Regular visitors to Greenpoint Library (and indeed anyone who frequently crosses the intersection of Norman and Leonard) may have noticed that changes have been afoot around that area recently. Antek, a Polish restaurant noted for its fine pierogi, has closed down and in its place has arisen a charming new French bistro, Le Fond.
The creation of Le Fond (105 Norman Ave) involves a fruitful collaboration of the old and new. It came about when Antek owner Stanislawa (Stasha) Prenkiewicz advertised on Craigslist for somebody with a strong vision and business plan to come onboard and relaunch her restaurant. The ad was answered by local chef Jake Eberle, who’d been looking for the right opportunity to open his first business.
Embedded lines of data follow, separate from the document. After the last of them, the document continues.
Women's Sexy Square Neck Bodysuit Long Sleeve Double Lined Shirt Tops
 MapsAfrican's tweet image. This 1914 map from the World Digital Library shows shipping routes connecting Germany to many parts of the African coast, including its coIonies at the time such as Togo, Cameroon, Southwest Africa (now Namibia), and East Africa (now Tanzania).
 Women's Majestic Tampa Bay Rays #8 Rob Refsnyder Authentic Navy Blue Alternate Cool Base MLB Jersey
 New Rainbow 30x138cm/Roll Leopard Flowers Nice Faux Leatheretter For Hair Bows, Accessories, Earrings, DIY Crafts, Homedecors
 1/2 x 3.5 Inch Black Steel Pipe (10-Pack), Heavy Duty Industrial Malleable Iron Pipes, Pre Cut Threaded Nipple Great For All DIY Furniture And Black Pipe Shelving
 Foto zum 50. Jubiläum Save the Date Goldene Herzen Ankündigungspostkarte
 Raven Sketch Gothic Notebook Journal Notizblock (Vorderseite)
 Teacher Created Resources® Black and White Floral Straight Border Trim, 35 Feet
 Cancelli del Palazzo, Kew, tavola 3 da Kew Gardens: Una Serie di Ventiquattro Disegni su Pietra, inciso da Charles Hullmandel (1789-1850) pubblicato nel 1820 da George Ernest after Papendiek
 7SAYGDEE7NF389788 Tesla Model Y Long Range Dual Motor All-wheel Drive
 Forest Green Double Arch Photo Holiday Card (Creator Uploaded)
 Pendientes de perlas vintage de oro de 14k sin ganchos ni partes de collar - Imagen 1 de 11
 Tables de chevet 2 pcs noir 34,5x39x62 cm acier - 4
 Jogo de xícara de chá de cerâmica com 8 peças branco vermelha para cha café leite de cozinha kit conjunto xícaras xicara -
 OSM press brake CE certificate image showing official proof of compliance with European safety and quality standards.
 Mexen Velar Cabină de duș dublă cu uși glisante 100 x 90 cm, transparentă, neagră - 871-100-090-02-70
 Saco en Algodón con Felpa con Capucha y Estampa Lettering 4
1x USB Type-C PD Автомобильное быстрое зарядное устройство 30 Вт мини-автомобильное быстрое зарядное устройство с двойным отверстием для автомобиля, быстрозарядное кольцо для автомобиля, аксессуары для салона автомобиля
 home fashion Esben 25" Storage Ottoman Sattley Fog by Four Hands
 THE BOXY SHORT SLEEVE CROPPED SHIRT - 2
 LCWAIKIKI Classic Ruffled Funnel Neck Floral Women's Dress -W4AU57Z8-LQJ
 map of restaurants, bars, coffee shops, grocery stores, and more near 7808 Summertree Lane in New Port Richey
Stasha was excited by Jake’s proposal and a new partnership was born. She handed him creative control of the space whilst remaining involved as a silent partner.
Originally from Maine, Jake moved to NYC eight years ago and has worked in prestigious kitchens such as Michelin-starred Eighty-One and The Lambs Club, where he worked alongside ‘Iron Chef’ Geoffery Zakarian.
Having previously trained at Le Cordon Bleu and undertaken his internship at La Roche Le Roy in France, French cuisine was an obvious choice for Jake. His aim was to open a ‘neo-bistro’, a movement which he describes as being “about resourceful chefs who’re doing as much as possible on their own and attracting a dining audience who’re receptive to whatever’s happening in the kitchen”.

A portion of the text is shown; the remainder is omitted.